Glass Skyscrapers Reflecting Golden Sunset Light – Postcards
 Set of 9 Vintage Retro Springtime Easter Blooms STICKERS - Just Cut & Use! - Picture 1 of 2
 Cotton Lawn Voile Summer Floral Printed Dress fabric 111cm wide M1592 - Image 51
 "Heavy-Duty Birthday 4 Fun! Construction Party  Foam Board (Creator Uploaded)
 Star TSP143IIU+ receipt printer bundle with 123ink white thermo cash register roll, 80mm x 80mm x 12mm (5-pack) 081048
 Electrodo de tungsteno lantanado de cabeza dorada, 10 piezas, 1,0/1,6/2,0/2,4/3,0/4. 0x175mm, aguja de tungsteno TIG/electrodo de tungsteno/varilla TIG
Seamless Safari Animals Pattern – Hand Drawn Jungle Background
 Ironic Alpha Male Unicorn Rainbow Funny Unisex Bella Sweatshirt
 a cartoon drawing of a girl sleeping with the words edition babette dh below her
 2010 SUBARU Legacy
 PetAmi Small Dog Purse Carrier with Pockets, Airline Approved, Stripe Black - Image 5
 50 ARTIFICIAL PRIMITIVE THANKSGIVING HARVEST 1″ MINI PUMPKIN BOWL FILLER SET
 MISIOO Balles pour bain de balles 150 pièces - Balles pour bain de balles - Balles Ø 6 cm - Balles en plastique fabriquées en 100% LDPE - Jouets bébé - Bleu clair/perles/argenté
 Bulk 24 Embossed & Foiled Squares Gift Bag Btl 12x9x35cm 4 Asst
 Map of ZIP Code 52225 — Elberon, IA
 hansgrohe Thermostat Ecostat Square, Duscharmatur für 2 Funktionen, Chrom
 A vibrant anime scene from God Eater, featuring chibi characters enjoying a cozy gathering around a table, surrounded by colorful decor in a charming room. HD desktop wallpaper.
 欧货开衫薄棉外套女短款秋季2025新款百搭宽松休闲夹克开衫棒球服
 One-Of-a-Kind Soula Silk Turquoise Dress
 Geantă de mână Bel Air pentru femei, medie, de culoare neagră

----

Which lines of the data contain "with"? Copy them all.

- _Output for this exercise_
 Star TSP143IIU+ receipt printer bundle with 123ink white thermo cash register roll, 80mm x 80mm x 12mm (5-pack) 081048
 a cartoon drawing of a girl sleeping with the words edition babette dh below her
 PetAmi Small Dog Purse Carrier with Pockets, Airline Approved, Stripe Black - Image 5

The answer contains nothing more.